+++ RAW DATA +++
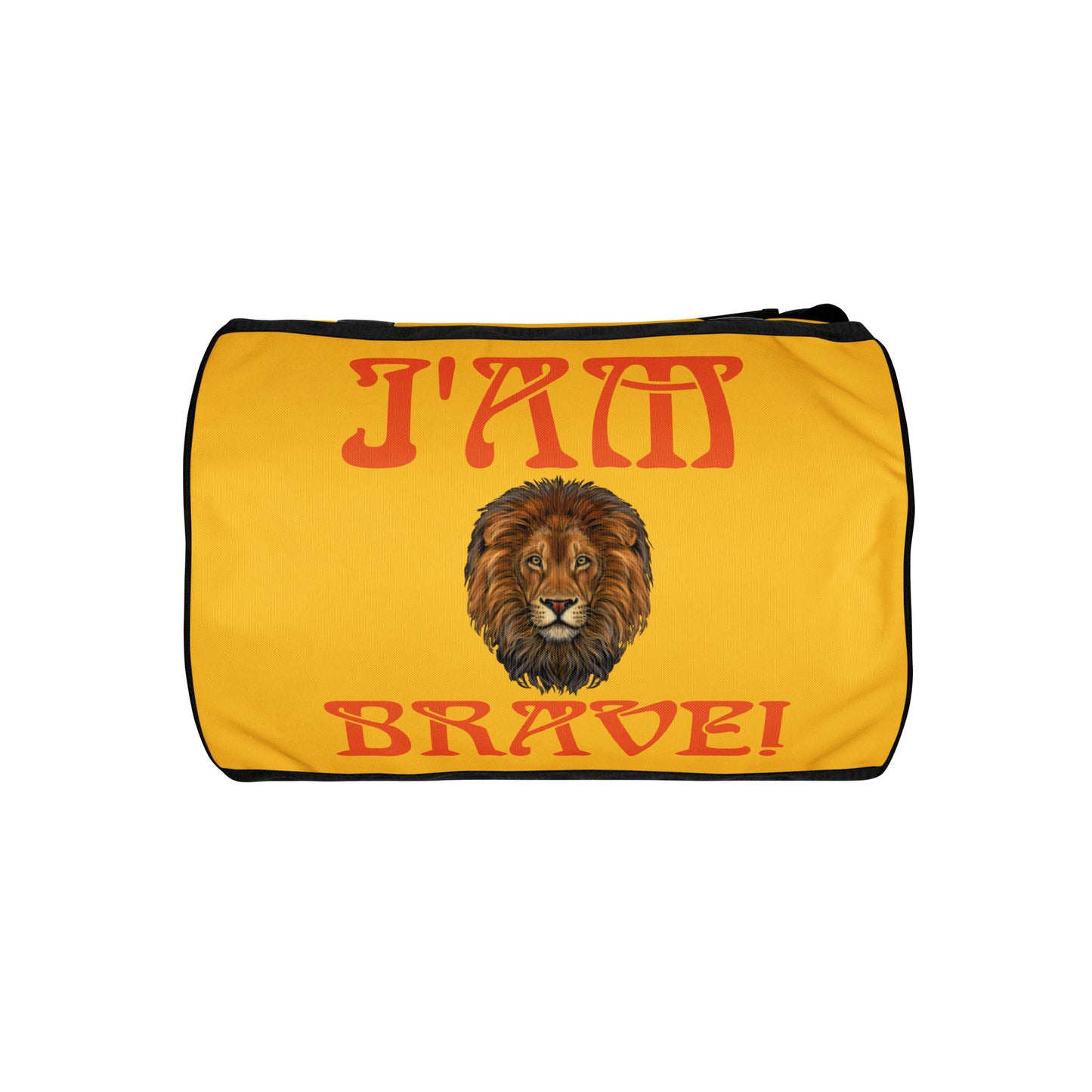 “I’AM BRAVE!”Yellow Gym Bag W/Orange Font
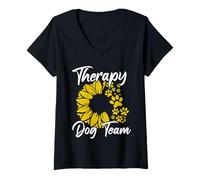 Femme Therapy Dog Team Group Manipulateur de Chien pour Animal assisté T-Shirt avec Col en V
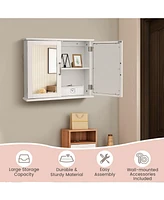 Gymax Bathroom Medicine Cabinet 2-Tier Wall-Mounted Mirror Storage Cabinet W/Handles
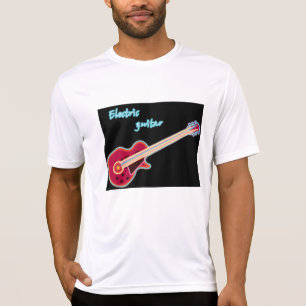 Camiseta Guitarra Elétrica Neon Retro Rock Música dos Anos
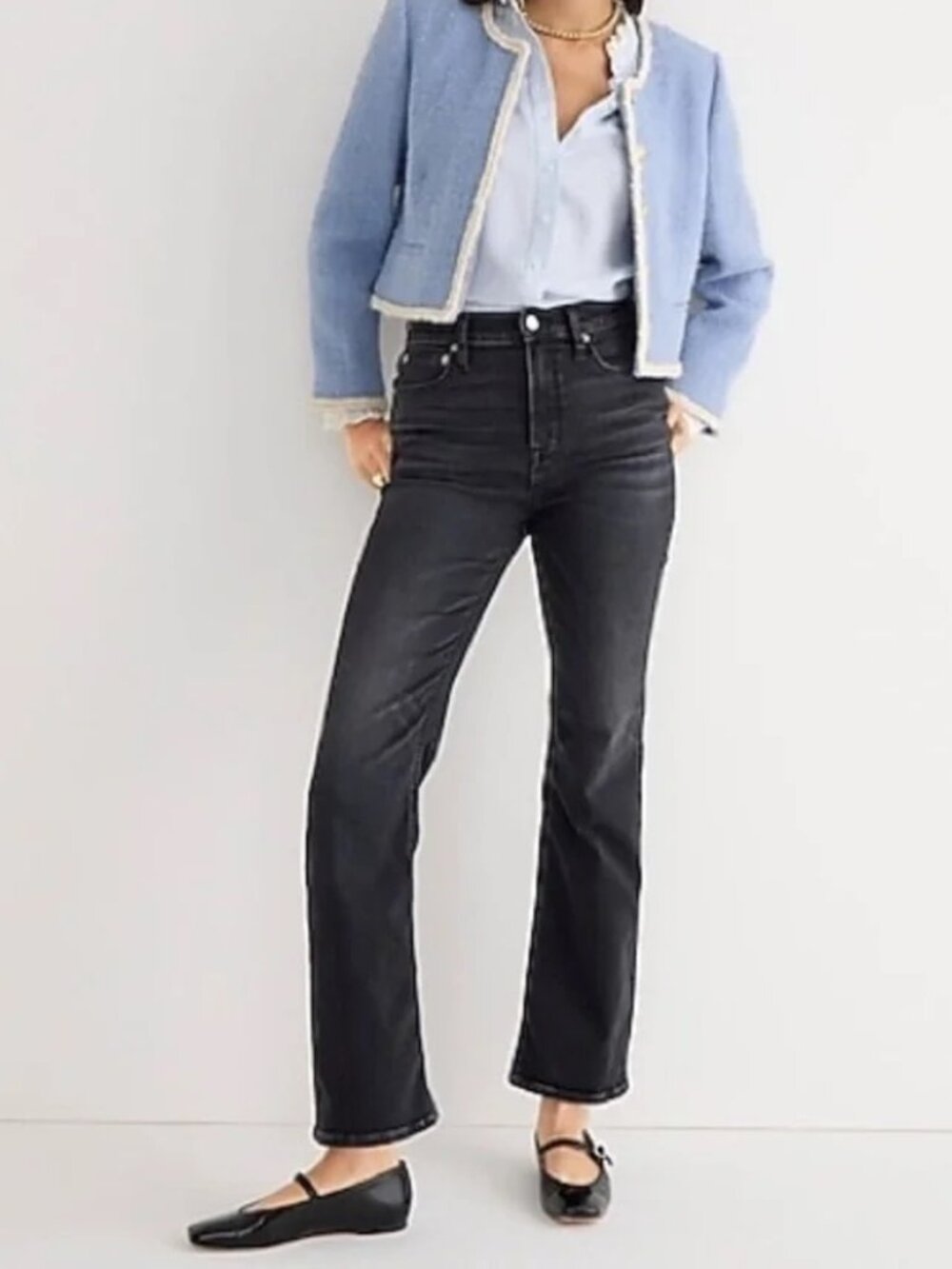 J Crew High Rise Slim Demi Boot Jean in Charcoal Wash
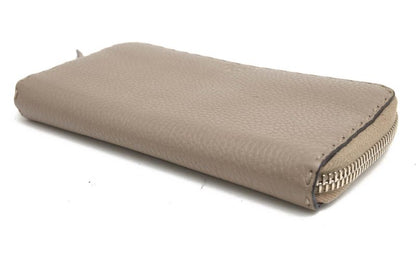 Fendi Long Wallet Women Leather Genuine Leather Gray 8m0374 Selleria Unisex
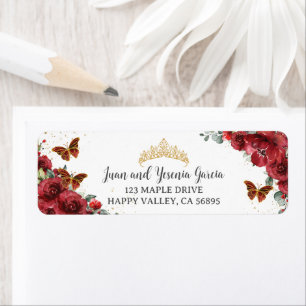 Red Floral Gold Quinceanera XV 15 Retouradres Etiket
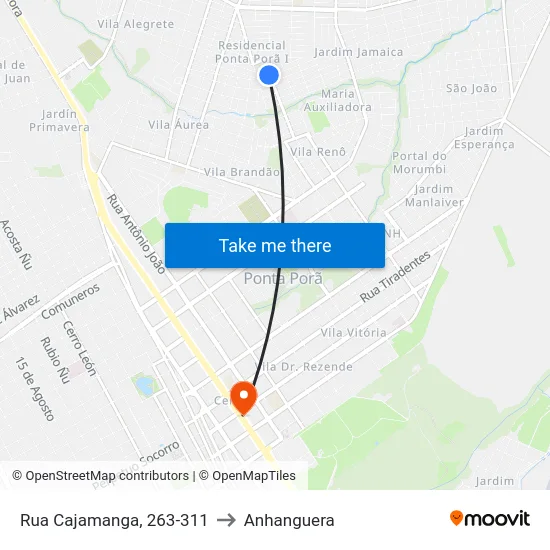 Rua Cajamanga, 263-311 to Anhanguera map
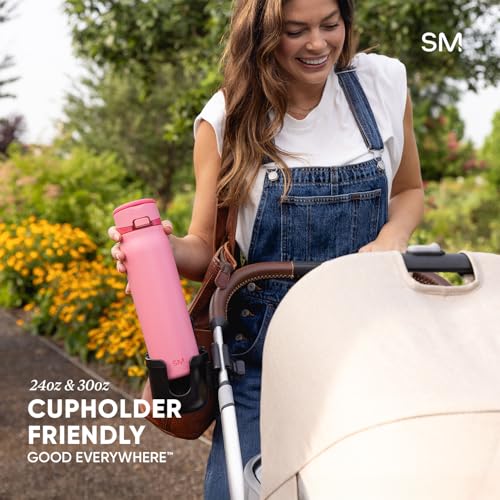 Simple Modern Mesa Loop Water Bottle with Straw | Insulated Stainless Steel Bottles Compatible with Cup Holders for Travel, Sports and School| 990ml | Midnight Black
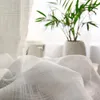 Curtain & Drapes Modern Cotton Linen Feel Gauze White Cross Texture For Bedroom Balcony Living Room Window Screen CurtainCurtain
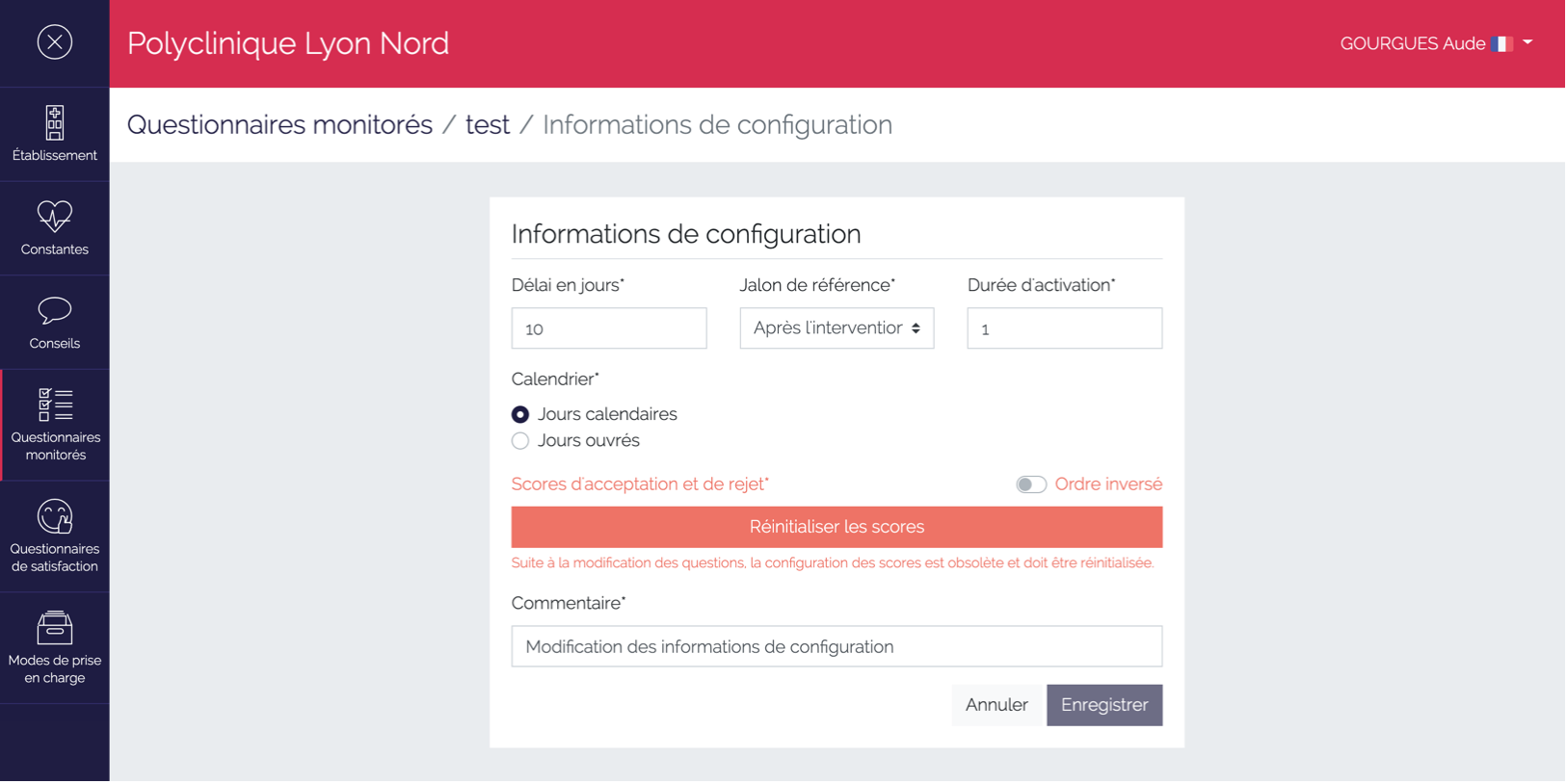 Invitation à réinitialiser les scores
+++
+++ RAW DATA +++
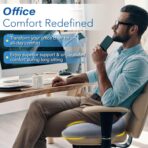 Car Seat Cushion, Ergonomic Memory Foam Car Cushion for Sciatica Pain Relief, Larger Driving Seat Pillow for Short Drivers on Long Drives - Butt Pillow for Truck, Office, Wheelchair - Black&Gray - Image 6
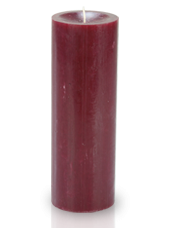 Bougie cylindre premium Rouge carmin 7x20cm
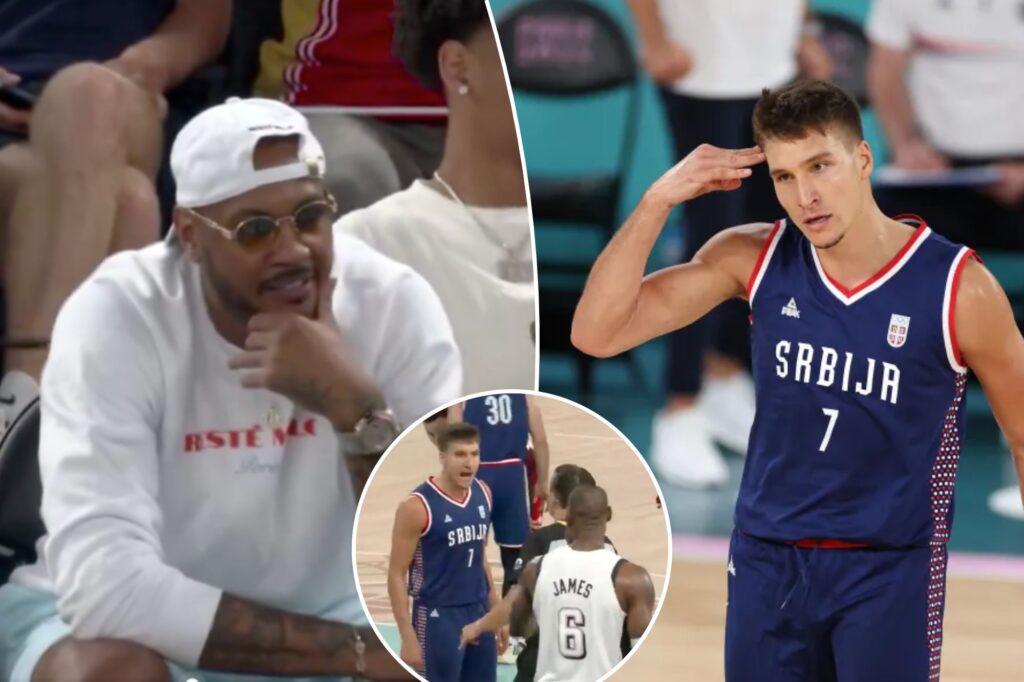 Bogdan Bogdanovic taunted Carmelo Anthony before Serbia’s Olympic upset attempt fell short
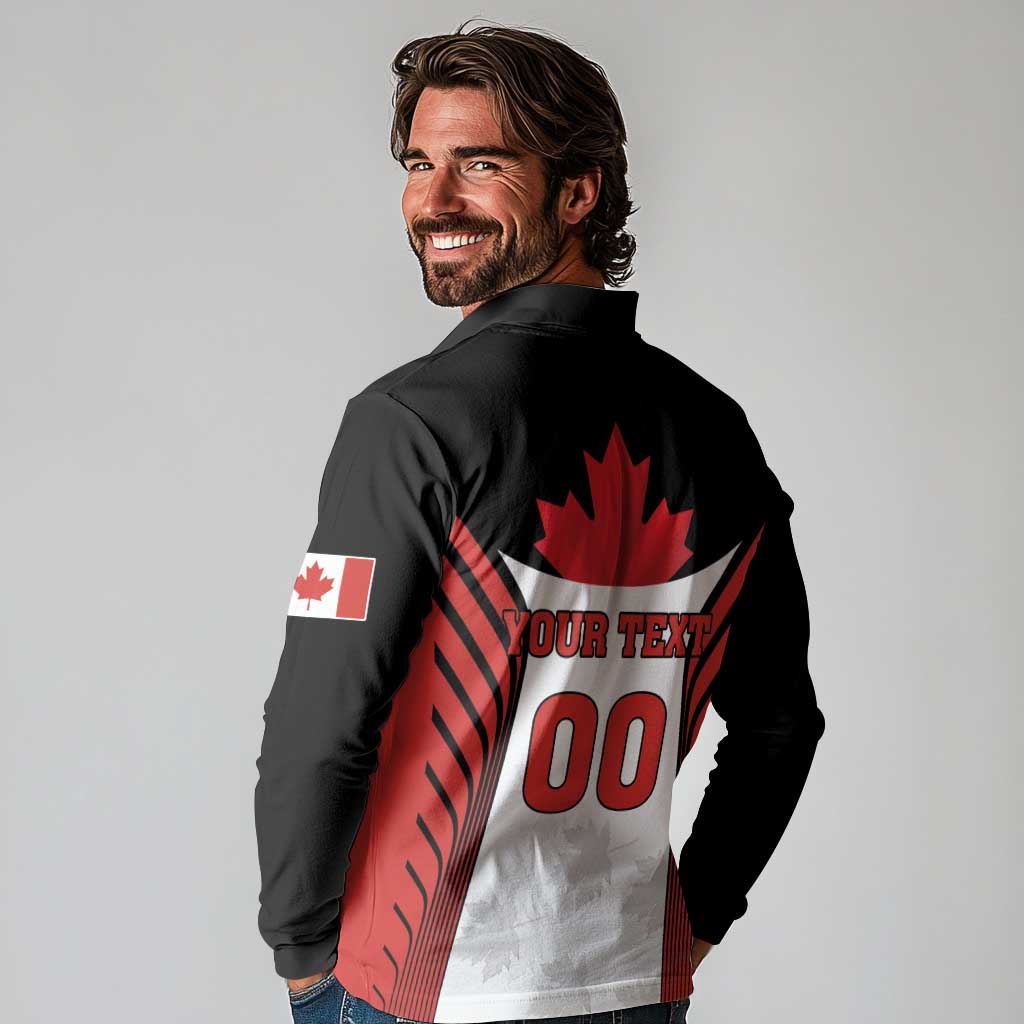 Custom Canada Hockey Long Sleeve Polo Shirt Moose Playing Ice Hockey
+++
EXERCISE GOAL:
Look above for the line with "Simple Modern Mesa" and the line with "Invitation à réinitialiser les scores". Give again exactly those two lines and all lines between them, pictures excluded.

ANSWER BELOW:
 Simple Modern Mesa Loop Water Bottle with Straw | Insulated Stainless Steel Bottles Compatible with Cup Holders for Travel, Sports and School| 990ml | Midnight Black
 Curtain & Drapes Modern Cotton Linen Feel Gauze White Cross Texture For Bedroom Balcony Living Room Window Screen CurtainCurtain
 Invitation à réinitialiser les scores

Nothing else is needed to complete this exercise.